Hello, Where do you feel is your center of balance or center point?

I don't have the sense of my center of balance being in one very localized region of space... in fact there isn't any particular area that feels as if it's the crucial part of balance, for me. Balance feels like as though it's determined over a much larger, more diffuse volume of space, not some `point'.
 
The point of balance is that point where most of your weight shifts from being inside your base, to being outside it.

Effectively, this usually means that once your belly button goes over your toes, you are off balance and will either fall or have to step forwards.
 
Yes, the body's "center" and "center of balance" is located at the area you described. In Chinese, this is the dantien. In Japanese it is the tanden.
 
I don't have the sense of my center of balance being in one very localized region of space... in fact there isn't any particular area that feels as if it's the crucial part of balance, for me. Balance feels like as though it's determined over a much larger, more diffuse volume of space, not some `point'.

One day you will understand this differently....try learning JUDO or Akido, or any throwing art....you will understand the "center of balance ".

Everyone has a center...for a child to walk...they are learning how to balance in each step, as they practice...it becomes natual.

Learning how to balance in fighting skills use in martial arts is like a child learning to walk....it comes with practice and more practice...Aloha
 
One day you will understand this differently....try learning JUDO or Akido, or any throwing art....you will understand the "center of balance ".

Everyone has a center...for a child to walk...they are learning how to balance in each step, as they practice...it becomes natual.

Learning how to balance in fighting skills use in martial arts is like a child learning to walk....it comes with practice and more practice...Aloha

When a child learns to walk, he just leans forward and when he starts to fall he puts his foot out to stop himself, which is how most people walk.
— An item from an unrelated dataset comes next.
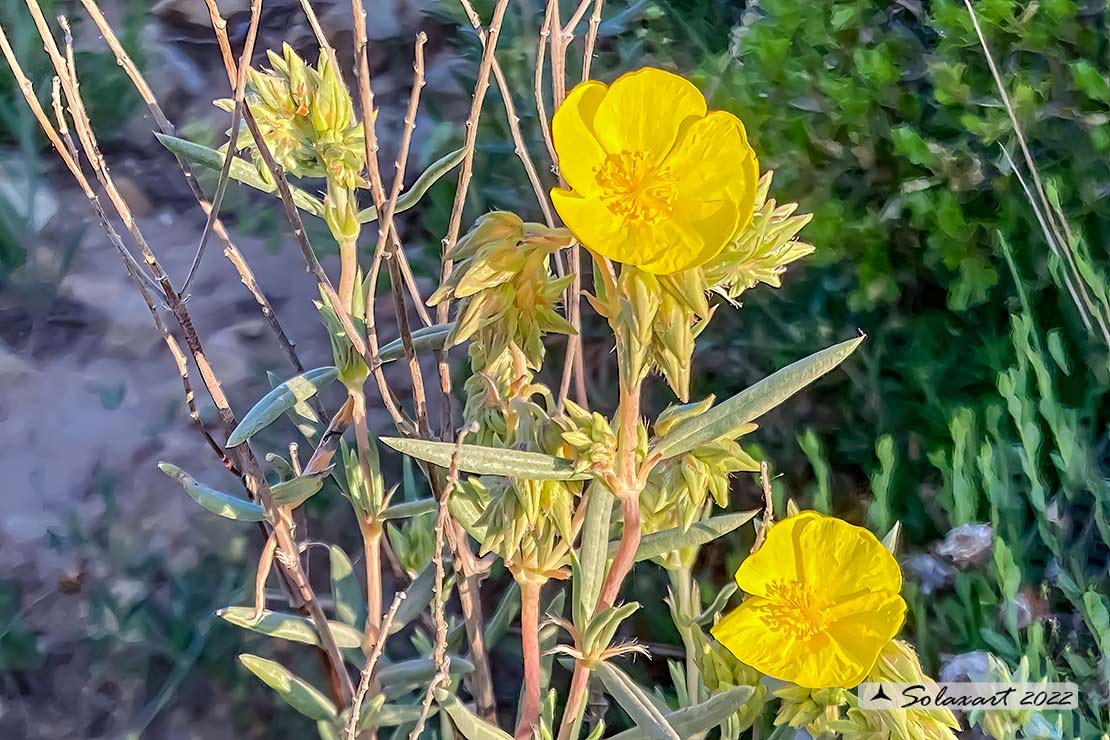 Cistaceae  (Helianthemum ??)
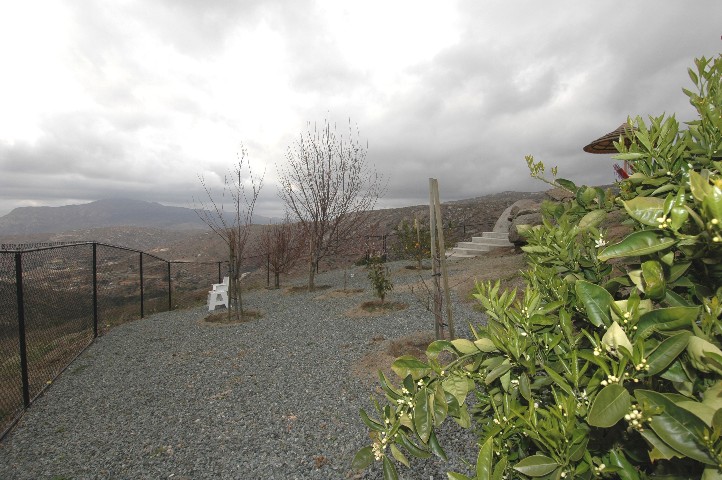 Lower level Orchard.... with nine varieties of fruit trees... yet all low maintenance...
When you learn about balance, as in Aikido, Judo or other throwing arts you learn to move from your "center" and not lean forward. Then again, you also learn how to fall in case you misplace your center or have it taken away from you. :)
 
Yes, the body's "center" and "center of balance" is located at the area you described. In Chinese, this is the dantien. In Japanese it is the tanden.
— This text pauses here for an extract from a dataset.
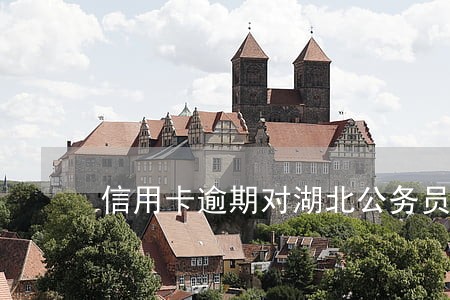 信用卡逾期对湖北公务员政审 信用卡逾期对湖北公务员政审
Yep, that's what I was going to say. But I didn't know the Japanese term for it. You must learn to utilize it though.
 
One day you will understand this differently....try learning JUDO or Akido, or any throwing art....you will understand the "center of balance ".

Everyone has a center...for a child to walk...they are learning how to balance in each step, as they practice...it becomes natual.

Learning how to balance in fighting skills use in martial arts is like a child learning to walk....it comes with practice and more practice...Aloha

I think I might not have been clear in what I was saying. I do a lot of balance exercises, freezing my side, turning and back kicks at arbitrary places in the action and so on for up to half a minute, sometimes trying it with my eyes closed (really tricky!)---it's something I train as much, or more, than power, or speed, because for me these last come much more immediately. What I was talking about was the subjective sensation of having a point of balance. I taught downhill skiing when I was in my 20s, and it was the same then---I raced and skiied moguls, both of which are very demanding in terms of balance, and did pretty well, but I never had a sensation of my balance concentrated at a single point. When I move to maintain balance, it results in a kind of `general' sensation of a number of elements locking into place very smoothly, not the sense of a single point exactly aligned so that I'm stable. That's all I was saying...
 
One day you will understand this differently....try learning JUDO or Akido, or any throwing art....you will understand the "center of balance ".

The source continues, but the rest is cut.